Zsigmondy ha studiato i cambiamenti di colore che si verificano nei sol d’oro dopo l’aggiunta di sali e ha studiato l’inibizione di questi effetti dopo l’aggiunta di agenti protettivi come gelificante e gumarabico. Con l’ausilio dell’ultramicroscopio, ha dimostrato che i cambiamenti di colore riflettono l’alterazione della dimensione delle particelle dovuta alla coagulazione e che gli agenti protettivi agivano in modo da inibire la coagulazione.

A Gottinga, Zsigmondy si occupava dell’ultrafiltrazione, che sviluppò come un altro utile strumento per lo studio dei sistemi colloidali. Ha esplorato una vasta gamma di sostanze, in particolare gel di silice e gel di sapone.
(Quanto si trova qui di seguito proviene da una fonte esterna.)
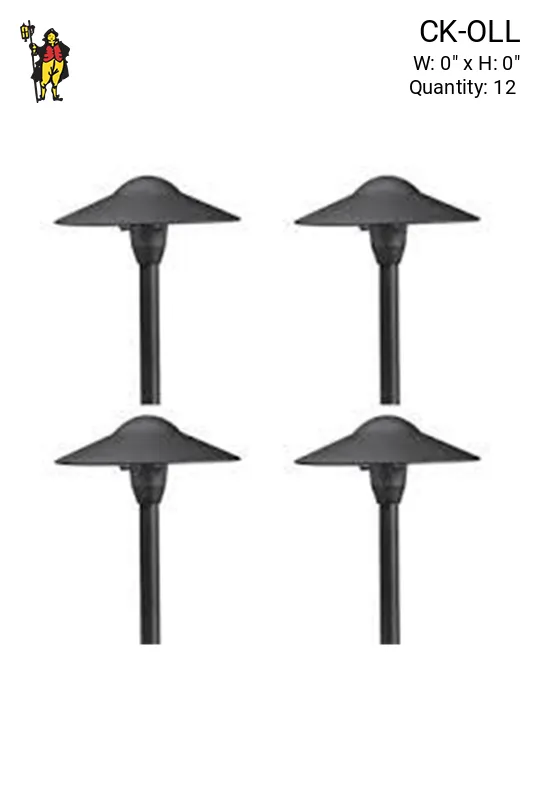 Low Voltage Black Landscape Lights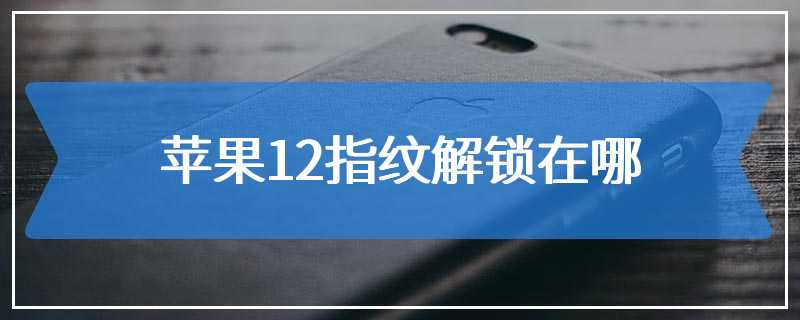 苹果12指纹解锁在哪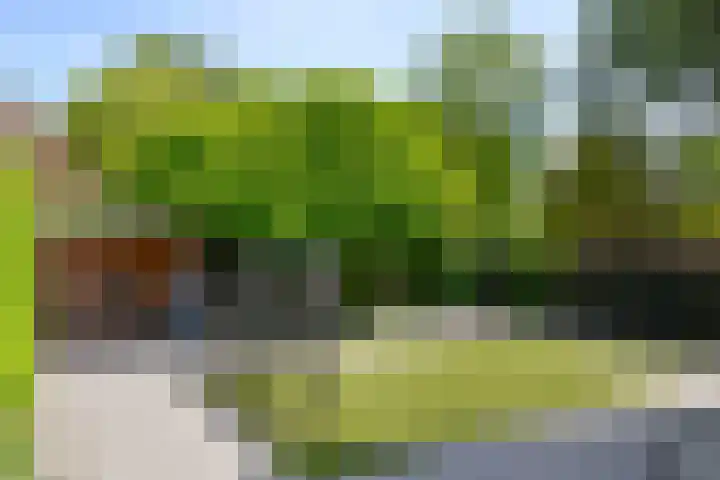 Graaf Willem de Oudelaan 24 Naarden thumbnail 36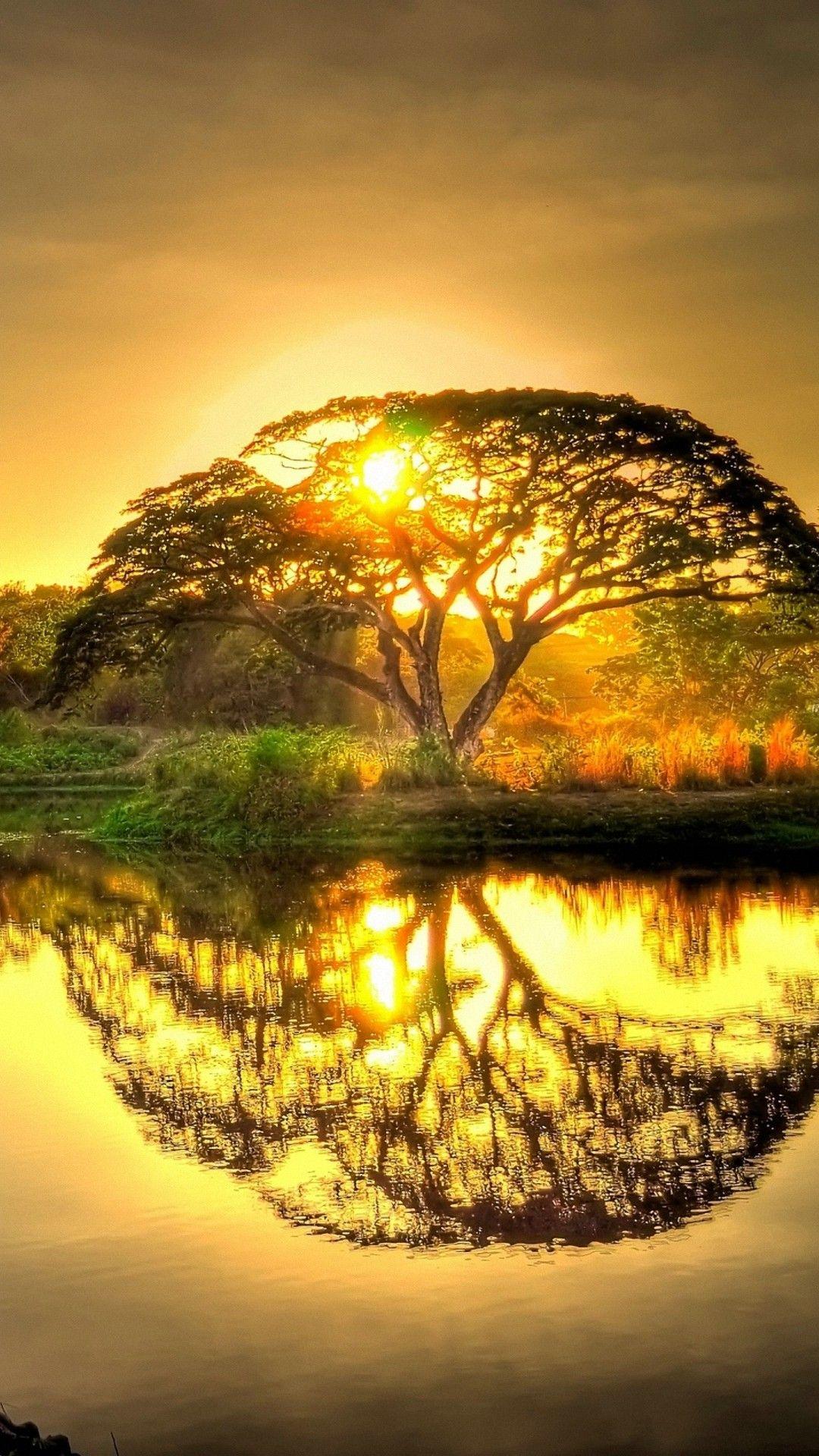 1080x1920 Wallpaper Africa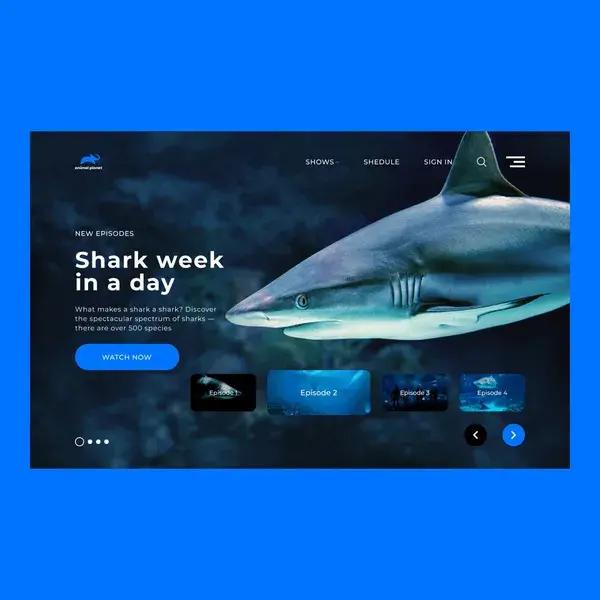 Shark Animal Planet design #webdesign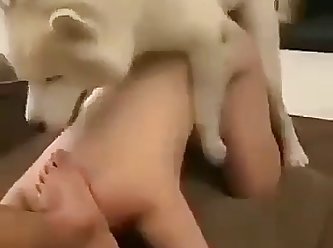 Bitch In Position For The White Husky
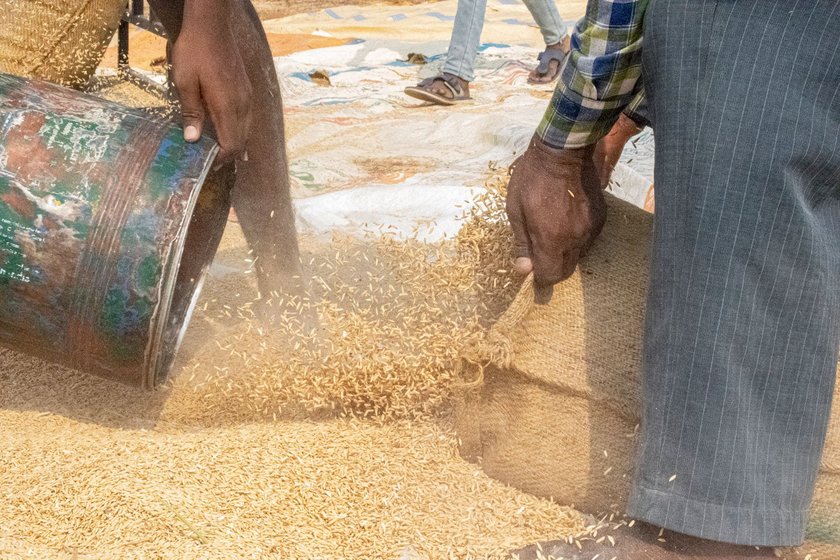 Millions of marginal farmers across the Third World shifted from food crops like paddy (left) to cash crops like cotton (right) over the past 3-4 decades, coaxed and coerced by Bank-Fund formulations. The old normal: deadly fluctuations in prices crippled them. New normal: Who will buy their crops of the ongoing season?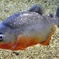 ピラニア・ナッテリー(カワスイ　川崎水族館)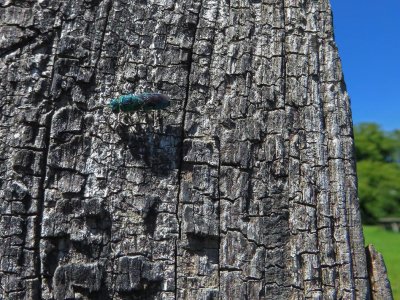 Chryside bleu-vert ( Trichrysis cyanea )
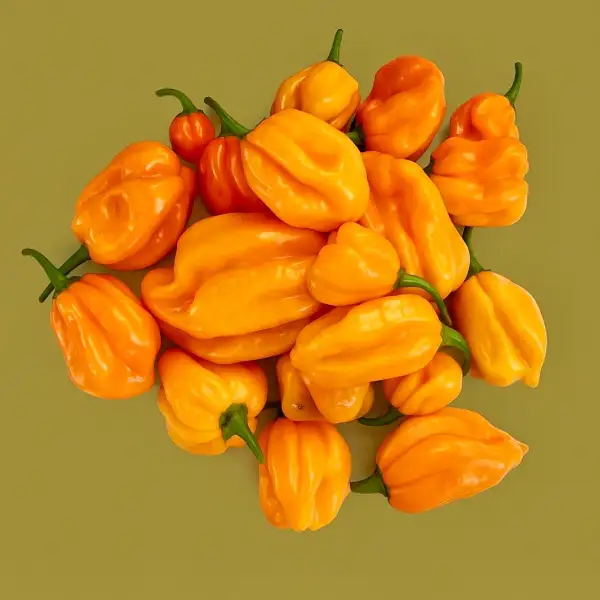 Chili / Paprika: Numex Suave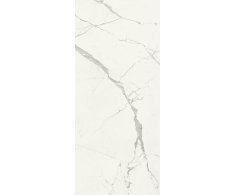 Marca Corona Scultorea Statuario Vena Argento 120x278 Luc. Rett.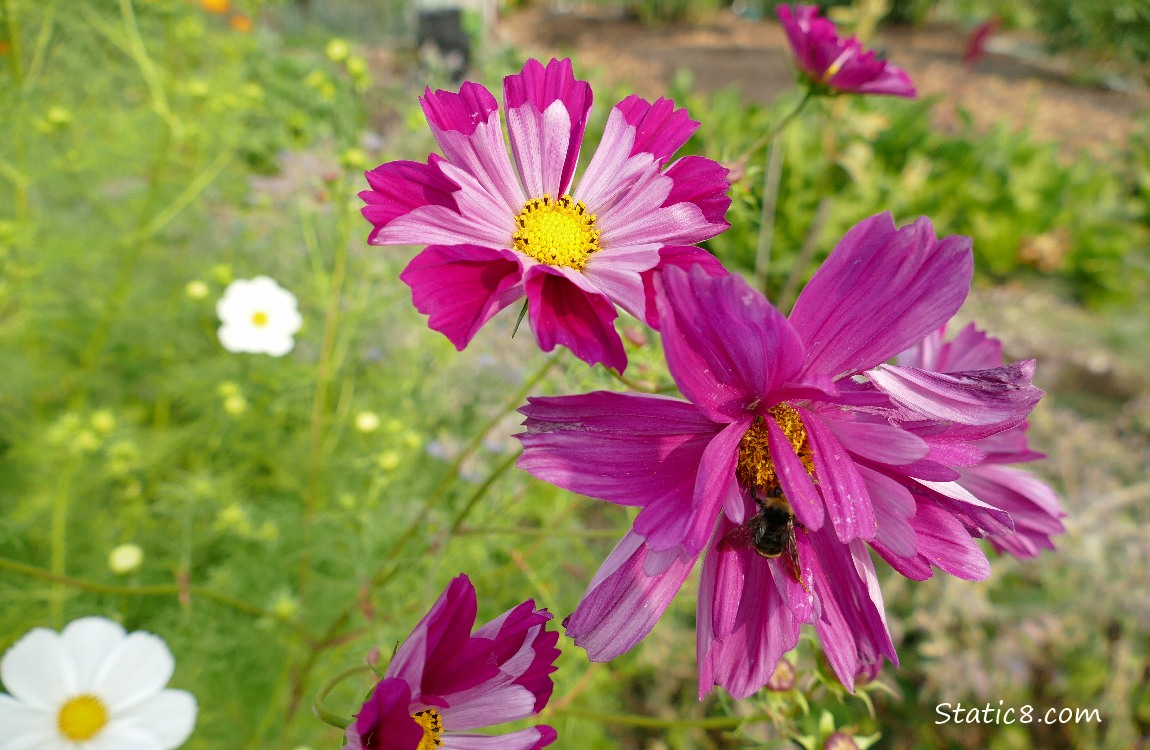 Red violet Cosmos blooms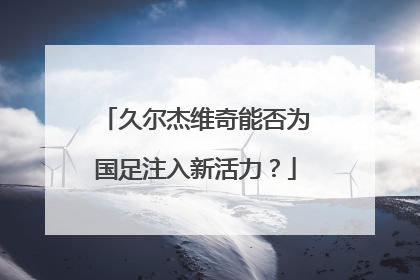 久尔杰维奇能否为国足注入新活力？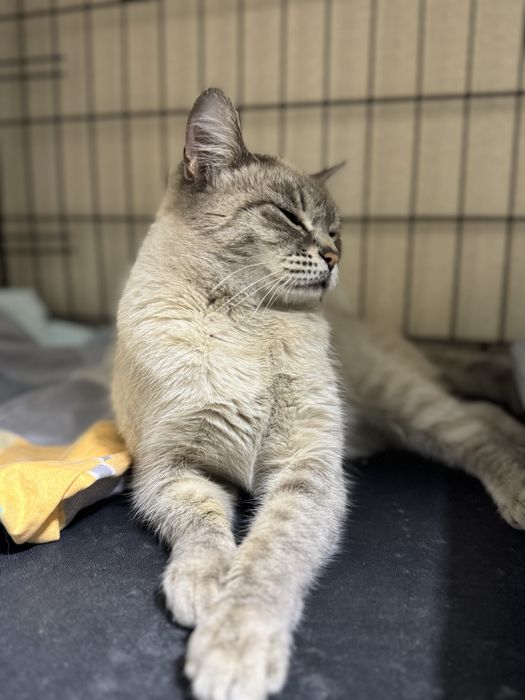 Ищет дом красивая кошечка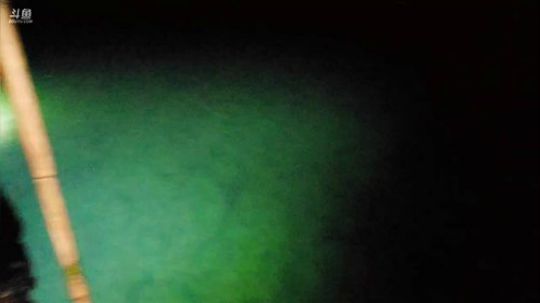 水库不弄200斤鱼货不回家。 2019-03-27 21点场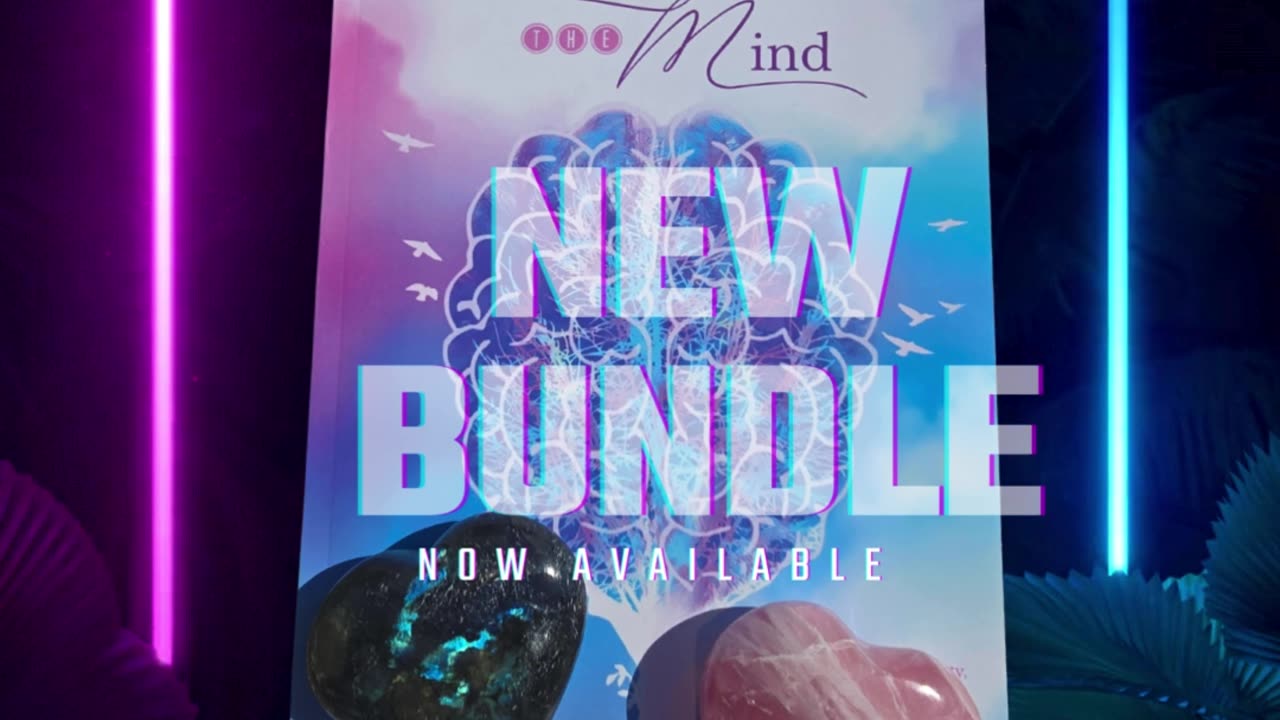 NEW MARKET BUNDLE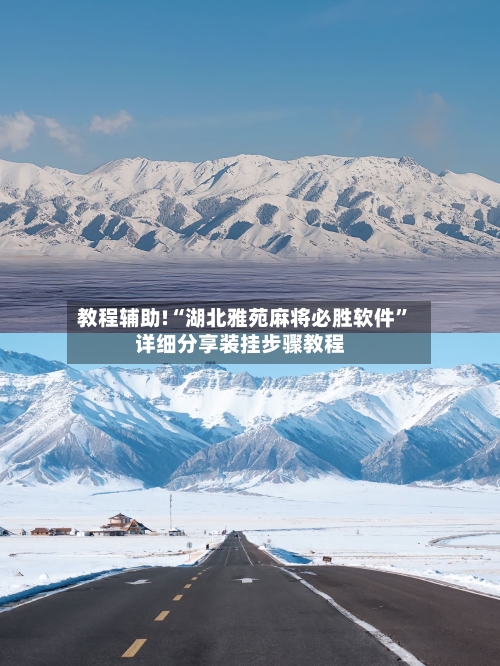 教程辅助!“湖北雅苑麻将必胜软件”详细分享装挂步骤教程-第1张图片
Amante della natura e appassionato alpinista, Zsigmondy acquisì una tenuta vicino a Terlano, nel Tirolo meridionale, dove si ritirò spesso. Ha sposato Laura Luise Muiller, figlia di Wilhelm Muller, nel 1903; avevano due figlie.

Bibliografia

I libri di Zsigmondy includono Alla conoscenza dei colloidi (Jena, 1905), tradotto da Jernome Alexander come Colloidi e ultramicroscopio (New York, 1909) ‘ collochimica; en textbook (Lipsia, 1912), 5a ed., 2vols. (Lipsia, 1925-1927), tradotto da EB Spear come La chimica dei colloidi (New York, 1917); e L’oro colloidale (Lipsia, 1925), scritto con PA Thiessen.

Le sue memorie e altri scritti sono elencati in Poggendorff, IV, 1695-1696; V, VI, 2971: per la bibliografia completa della letteratura secondaria, vedere VII a supp., 796.